Après avoir célébré les noces de la techno et du hip-hop, inventé le big-beat, changé la donne pop et revisité l’electro, les Chemical Brothers livrent leur cinquième opus, Come with us, incitation plus qu’invitation à les suivre dans le dernier « trip » contemporain, celui des nouvelles technologies et de leur caractère magique, mystique, chamanique. Come with us est un véritable voyage psychédélique et technologique -et conceptualisé comme tel.
Après la bienvenue de l’équipage, martialement menée et vocodée (Come with us), le voyage commence en Afrique : It began in Afrika-ka-ka-ka. Les sons délayés à l’extrême, jusqu’ à devenir pure répétition, renvoient à l’inconscient collectif musical africain, cet archétype rythmique éternel que le duo entend bien faire remonter à la surface, à grands coups de montées acides. Au milieu du beat, les Djs de choc enchaînent en direct avec Galaxy bounce, très funky-machine, où la voix samplée sert de gimmick rythmique au même titre que la basse ronflante. Les breaks slappés sont les creux respiratoires qui relancent la mécanique avec efficacité. Le reste est une longue digression. Qui continue en train, avec Star guitar, frénétique apologie de la répétition du paysage, éternel retour de la même fumée d’usine, comme en atteste efficacement le clip orchestré par Michel Gondry.
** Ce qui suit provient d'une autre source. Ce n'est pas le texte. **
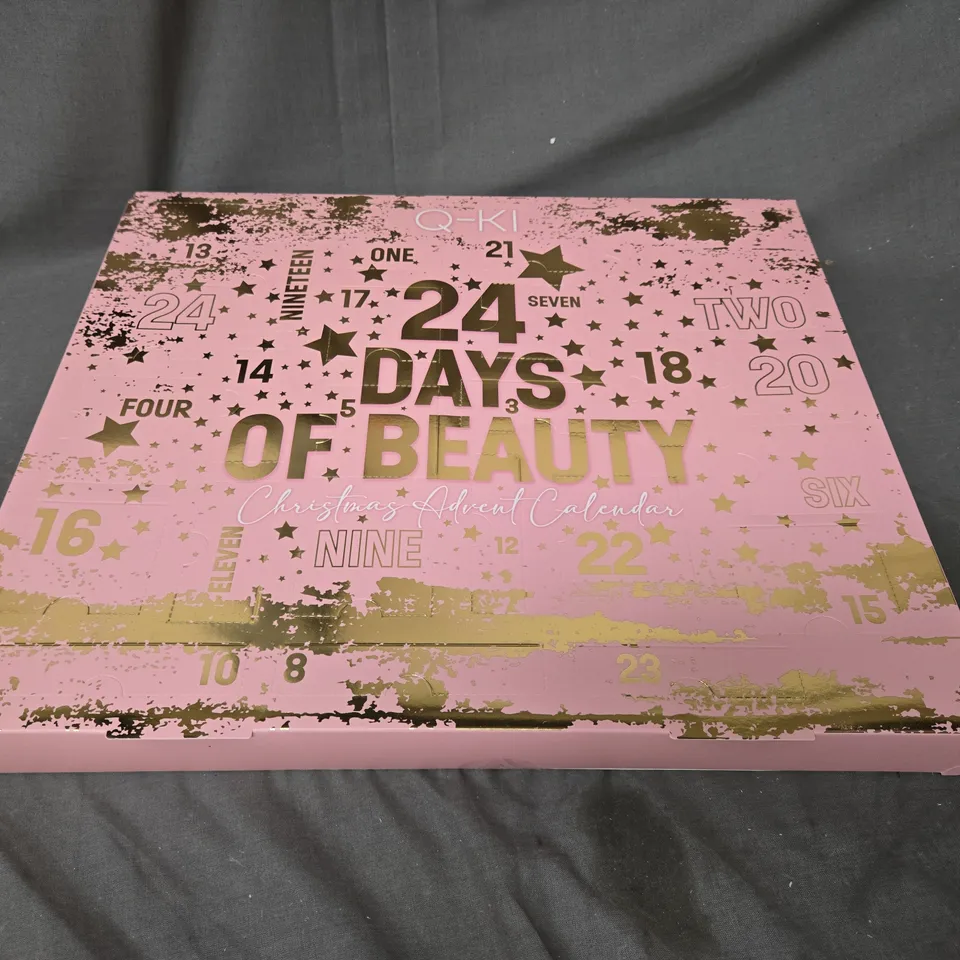 Q-KI 24 DAYS OF BEAUTY ADVENT CALENDAR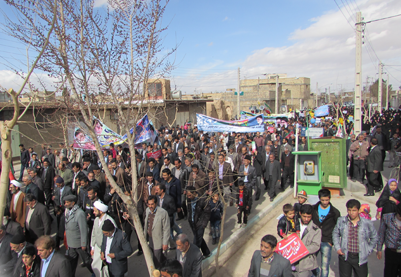 مراسم با شکوه راهپیمایی 22 بهمن در حبیب آباد( گزارش تصویری )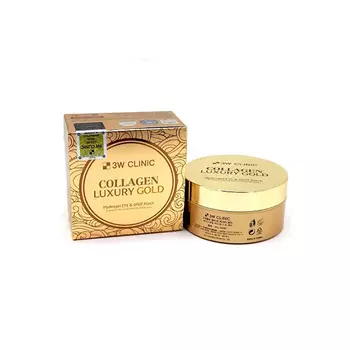 Гидрогелевые патчи с коллагеном и коллоидным золотом 3W Clinic Collagen &amp; Luxury Gold Hydrogel Eye &amp; Spot Patch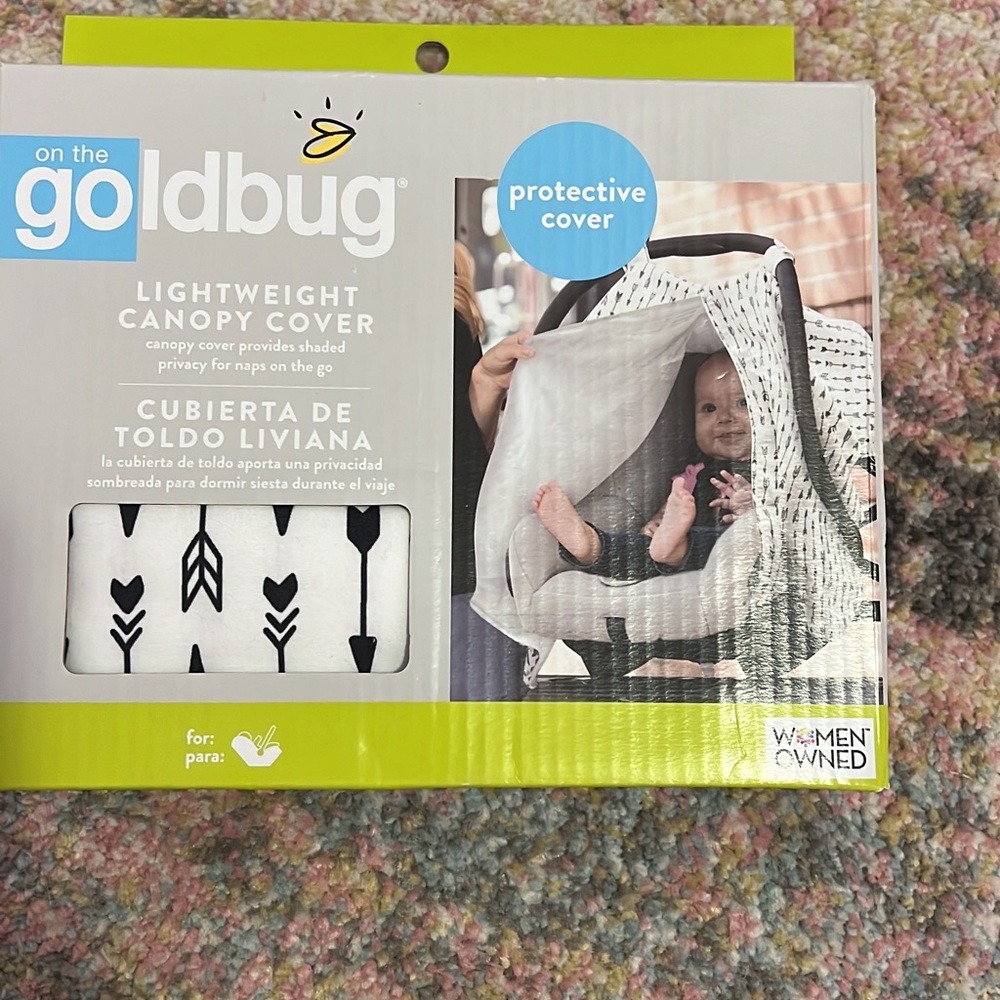 Car seat canopy cover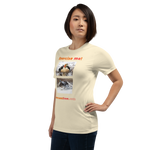 Exercise me! - king eider floating - king eider taking off - unisex freedom T-shirt 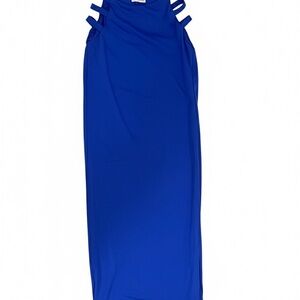 Fashion Nova Royal Blue Pencil Skirt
Hoops aurait pu s’appeler « Loops ». Après le TGV, la pause dans un pub madrilène semblait nécessaire, pour un exercice d’espagnolades guitaristiques sur fond de beats tempérés. Ce qui n’empêche pas la ritournelle d’opérer. My elastic eye serait le pendant chimique psyché-breaké du Svastika eye de Primal Scream. S’ensuit d’ailleurs un slow bizarre, chanté par Beth Orton, qui ressemble furieusement au Higher than the sun des sus-nommés. Les sons synthétiques évoquent la stridence du chant des mouettes, on se croirait au bord de la plage, avec le spectre des couleurs inversé. Ca se finit par le début de Denmark, titre house puissant plus Ibiza que Copenhague, construit autour d’une basse métronomique et filtrée. Les inserts de guitare électrique semblent avoir été chipés à Carlos Santana, ceux de trompette à Miles Davis, et la structure du morceau est incompréhensible, mais coule de source. L’intro de Pioneer skies ressemble à celle de Strawberry fields en version 2002 (c’est-à-dire électronique), avec la sonnerie annonçant le départ du train en guise de repère géographique. Ceci, avant la grande montée mystique vers les cieux Pioneer (du nom de la marque bien connue de matériel hi-fi).Pour finir : The Test (acid test ?), un gros rock efficace, chanté par Richard Ashcroft, rythmé par une basse poutrasse, gonflé de synthé. Au final, on ne sait plus trop où le voyage nous a menés, mais ça valait le déplacement.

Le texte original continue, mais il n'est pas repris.